I don't understand using the boxes for the ultra rare stuff as you can't get them back, no one buys them, and that is a lot of bells to lose.  To each their own


----------



## Soigne (Dec 15, 2017)

typically only do 1 or 3 of a thing, whether it be fruit, fish, bugs, or seashells and i always sell for the lowest possible price it will let me go


----------



## Katelyn (Dec 15, 2017)

Usually empty ;-; I only really have time to play for the requests and that's about it lol


----------



## Cheshire (Dec 16, 2017)

I try to keep a balance in my marketbox: only one batch of each shell and coconut (because those hardly ever sell), and the rest of my boxes is filled with whatever I have a surplus of at the moment - common fruit, fish and bugs. No rares, and hardly ever uncommons like black bass (because they don‘t sell, either. Plus, they are more expensive and as such are shuffled to the top row of the marketbox in the preview, which deters buyers). As for pricing, I go for batches of 3 for 100 bells. When something sells, I usually restock with something else as soon as I notice that something has been sold.


----------



## Tehya Faye (Dec 16, 2017)

I try to keep it stocked with my surplus fruit (Pears and Cherries), as well as miscellaneous bugs/fish/shells if I get too many of one kind and there's a box available for them.


----------



## BunnyHunny (Dec 16, 2017)

I market whatever I have extra of and try to keep it full... I use my friends market boxes often, or the random player in town, especially for fruit which takes a long time to regrow. With fruit it's always you either have too much, or not enough! 
My camp has extra peaches and oranges.
I should probably get rid of the bass and snapper.


----------



## likalaruku (Dec 17, 2017)

Ideally, I want to sell whatever items the animals are requesting that day, because I noticed that whenever the animals want something, that item will be in low stock for the next 3 hours & none of my friends will be selling them unless they were uploaded 3 or more hours earlier, leading me to believe that we all get the exact same scripted item requests & they are not randomly generated.

Anyway, I can never actually do that because I'd have to spend forever waiting & farming, so I just sell things in sets of 3 at the lowest possible price once I have more than 7 of something, except fruit; I hoard that. I noticed that apples, pears, peaches, squid, flounder, carp, mackeral & bugs sell well, & that coconuts, oranges, cherries, shells, coral, & anything rare sell poorly, even at the lowest possible price.
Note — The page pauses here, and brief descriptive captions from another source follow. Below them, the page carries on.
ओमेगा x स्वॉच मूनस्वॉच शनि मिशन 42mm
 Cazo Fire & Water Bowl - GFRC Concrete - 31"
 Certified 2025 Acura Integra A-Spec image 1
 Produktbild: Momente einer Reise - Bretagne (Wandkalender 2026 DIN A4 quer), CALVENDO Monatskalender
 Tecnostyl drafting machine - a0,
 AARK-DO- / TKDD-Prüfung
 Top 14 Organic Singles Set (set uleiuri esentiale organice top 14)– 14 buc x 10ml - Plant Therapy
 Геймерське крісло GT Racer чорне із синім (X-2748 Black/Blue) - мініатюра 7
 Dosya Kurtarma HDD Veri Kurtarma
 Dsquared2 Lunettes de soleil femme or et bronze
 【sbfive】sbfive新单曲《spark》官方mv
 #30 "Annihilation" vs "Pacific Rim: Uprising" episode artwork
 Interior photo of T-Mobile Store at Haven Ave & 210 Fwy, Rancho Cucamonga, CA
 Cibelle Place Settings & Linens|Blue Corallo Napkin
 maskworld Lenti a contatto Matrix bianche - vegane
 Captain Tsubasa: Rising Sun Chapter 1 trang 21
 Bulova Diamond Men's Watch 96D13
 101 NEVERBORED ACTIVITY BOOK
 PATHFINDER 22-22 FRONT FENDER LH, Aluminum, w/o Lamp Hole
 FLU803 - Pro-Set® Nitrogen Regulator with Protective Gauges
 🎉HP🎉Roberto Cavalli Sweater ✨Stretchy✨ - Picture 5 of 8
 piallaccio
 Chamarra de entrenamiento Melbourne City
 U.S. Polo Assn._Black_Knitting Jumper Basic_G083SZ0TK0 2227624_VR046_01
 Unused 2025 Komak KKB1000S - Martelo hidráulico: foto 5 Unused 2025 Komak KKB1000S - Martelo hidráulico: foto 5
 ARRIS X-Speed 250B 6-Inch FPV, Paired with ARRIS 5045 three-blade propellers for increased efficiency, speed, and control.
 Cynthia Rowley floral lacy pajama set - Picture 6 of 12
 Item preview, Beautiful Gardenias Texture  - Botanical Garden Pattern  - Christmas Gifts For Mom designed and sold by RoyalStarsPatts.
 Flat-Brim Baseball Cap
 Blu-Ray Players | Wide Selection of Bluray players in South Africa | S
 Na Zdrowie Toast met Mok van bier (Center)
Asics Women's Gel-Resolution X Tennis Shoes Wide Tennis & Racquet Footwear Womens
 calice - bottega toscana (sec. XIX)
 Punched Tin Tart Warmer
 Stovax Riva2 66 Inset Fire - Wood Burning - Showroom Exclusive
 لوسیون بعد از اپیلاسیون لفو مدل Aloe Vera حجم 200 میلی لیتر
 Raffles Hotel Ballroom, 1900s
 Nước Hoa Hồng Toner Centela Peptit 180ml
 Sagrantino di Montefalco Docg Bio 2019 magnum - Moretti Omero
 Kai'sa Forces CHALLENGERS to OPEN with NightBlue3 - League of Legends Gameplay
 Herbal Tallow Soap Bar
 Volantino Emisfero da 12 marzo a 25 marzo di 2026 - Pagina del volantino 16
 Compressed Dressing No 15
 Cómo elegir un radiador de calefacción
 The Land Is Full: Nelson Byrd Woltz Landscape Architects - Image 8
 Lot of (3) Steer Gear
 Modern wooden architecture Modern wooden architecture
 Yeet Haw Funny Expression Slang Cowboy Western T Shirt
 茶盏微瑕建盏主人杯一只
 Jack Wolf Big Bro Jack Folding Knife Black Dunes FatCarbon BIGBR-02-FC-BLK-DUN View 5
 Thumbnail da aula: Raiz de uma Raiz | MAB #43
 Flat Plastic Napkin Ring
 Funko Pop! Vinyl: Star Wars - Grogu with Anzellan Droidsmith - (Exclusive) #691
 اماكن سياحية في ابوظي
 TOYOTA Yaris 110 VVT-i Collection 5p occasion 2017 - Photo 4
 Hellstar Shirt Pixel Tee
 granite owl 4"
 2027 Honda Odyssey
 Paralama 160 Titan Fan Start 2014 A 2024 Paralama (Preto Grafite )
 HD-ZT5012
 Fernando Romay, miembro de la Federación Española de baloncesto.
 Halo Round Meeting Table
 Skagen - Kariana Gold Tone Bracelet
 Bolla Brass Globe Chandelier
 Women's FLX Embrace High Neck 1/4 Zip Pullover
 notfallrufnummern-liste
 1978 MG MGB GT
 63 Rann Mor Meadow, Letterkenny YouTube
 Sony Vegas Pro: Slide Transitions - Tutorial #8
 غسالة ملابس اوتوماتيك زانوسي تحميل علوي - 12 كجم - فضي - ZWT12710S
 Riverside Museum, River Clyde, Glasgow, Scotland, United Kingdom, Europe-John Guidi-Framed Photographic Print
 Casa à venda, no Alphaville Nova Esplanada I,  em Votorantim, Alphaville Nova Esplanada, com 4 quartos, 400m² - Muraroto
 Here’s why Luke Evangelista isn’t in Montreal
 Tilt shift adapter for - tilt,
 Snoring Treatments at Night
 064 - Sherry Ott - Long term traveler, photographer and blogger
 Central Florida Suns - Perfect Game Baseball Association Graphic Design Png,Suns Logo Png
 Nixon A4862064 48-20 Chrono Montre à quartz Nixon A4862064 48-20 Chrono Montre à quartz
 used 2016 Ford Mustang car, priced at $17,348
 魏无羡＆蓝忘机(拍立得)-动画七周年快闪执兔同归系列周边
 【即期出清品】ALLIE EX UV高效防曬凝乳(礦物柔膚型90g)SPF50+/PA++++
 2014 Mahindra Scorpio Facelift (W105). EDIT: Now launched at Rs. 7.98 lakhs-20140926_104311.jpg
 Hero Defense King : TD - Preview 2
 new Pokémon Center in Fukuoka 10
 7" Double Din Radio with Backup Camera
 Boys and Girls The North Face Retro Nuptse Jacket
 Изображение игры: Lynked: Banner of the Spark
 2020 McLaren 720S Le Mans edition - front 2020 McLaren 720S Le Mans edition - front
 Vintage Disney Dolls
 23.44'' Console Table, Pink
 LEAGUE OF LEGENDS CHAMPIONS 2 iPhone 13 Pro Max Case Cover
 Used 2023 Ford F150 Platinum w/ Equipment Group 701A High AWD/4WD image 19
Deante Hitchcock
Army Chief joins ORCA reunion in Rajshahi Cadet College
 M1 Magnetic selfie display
About half of my friends only sell rare items at high prices, & no one ever buys them because it's not worth it; the next time you see that animal, he's not going to want the same item, & the reward he gives you is not worth spending the bells to buy it. Well, I have noticed that this tends to only happen with people who just started playing. They'll catch on eventually.

I try to use the sales boxes as an indication of inactivity; If a person hasn't put something to their box in 7 days, I delist them, assuming they got bored with the game.


----------



## Deathamabob (Dec 17, 2017)

I was doing common itemsx3 and rare itemsx1 (snapper, dynastid, bass), but I upped the fish and bugs to x6.

I have a specific order and it follows my inventory, but I don't sell the fruit I only have a single tree for.

I try to restock often, but when I'm at work I don't really have time to restock everything and do all my own stuff, so sometimes I only restock once per day. I've noticed that it's the common fish and bugs people buy the most, which really surprised me.


----------



## Carole (Dec 17, 2017)

Right now I have five kinds of fish, 2 shells, and a fruit. All my prices are very low, much lower than the suggested prices. I don't know why except just hoping to make buyers happy.


----------



## Sowelu (Dec 18, 2017)

I am constantly listing overstocked items... I rely on my friend's Market Boxes when I am low on stuff, so I try to list a good variety of items so that I can help others as well. There are dupes sometimes, and I can't seem to unload the exotic bugs and fish even though they are listed at the lowest price. It makes sense, though, since the villagers rarely ask for these items, so demand is low.


----------



## WolfyWolf (Dec 18, 2017)

I've mostly got pears >.> when I first started I had no idea what I was doing and listed a few at varying quantities and prices so I messed up. Not a ton or anything, but enough that now I mostly sell fruit straight out of my inventory because I get so much anyway and they don't seem to sell. I horde 10 of everything else for use and only put things up a max of like 3 at a time.


----------



## Bcat (Dec 18, 2017)

Groups of 3 common items for 100 bells each. Mostly coconuts


----------



## Vala (Dec 19, 2017)

Here's my market box 



I don't bother listing cheap fruits or shells since they're so easily available and don't net as much profit.

It all sells very fast still as well since I have many people on my friends list who come to me since I always got the stuff they need. 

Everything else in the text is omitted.